▶ **TASK OBJECTIVE**: Please set down the data word for word; images do not go in the copy.

▶ **RECORDED DATA**:
=======
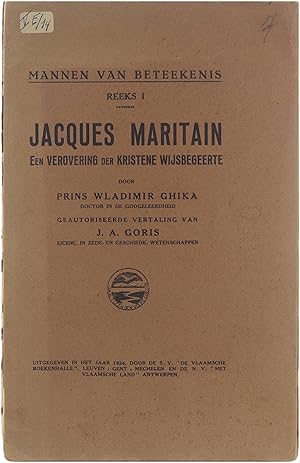 Image du vendeur pour Jacques Maritain : een verovering der kristene wijsbegeerte mis en vente par Untje.com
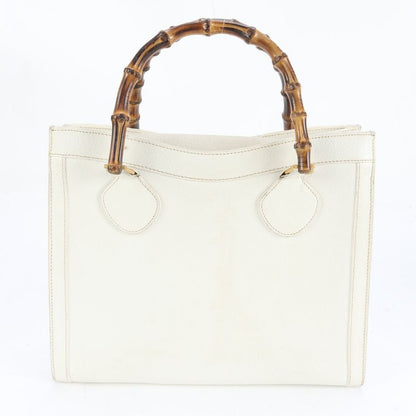 Gucci Bamboo White 002 2865 Leather Handbag Tote Genuine Leather Brand A4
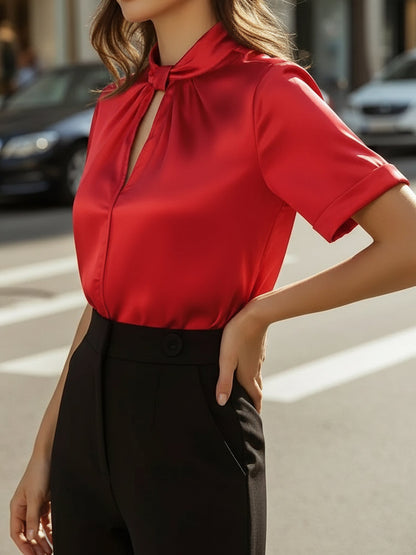 Satin Short Sleeve Keyhole Solid Color Blouse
=======
▶ **YOUR SOLUTION**:
 Image du vendeur pour Jacques Maritain : een verovering der kristene wijsbegeerte mis en vente par Untje.com
 Gucci Bamboo White 002 2865 Leather Handbag Tote Genuine Leather Brand A4
 Satin Short Sleeve Keyhole Solid Color Blouse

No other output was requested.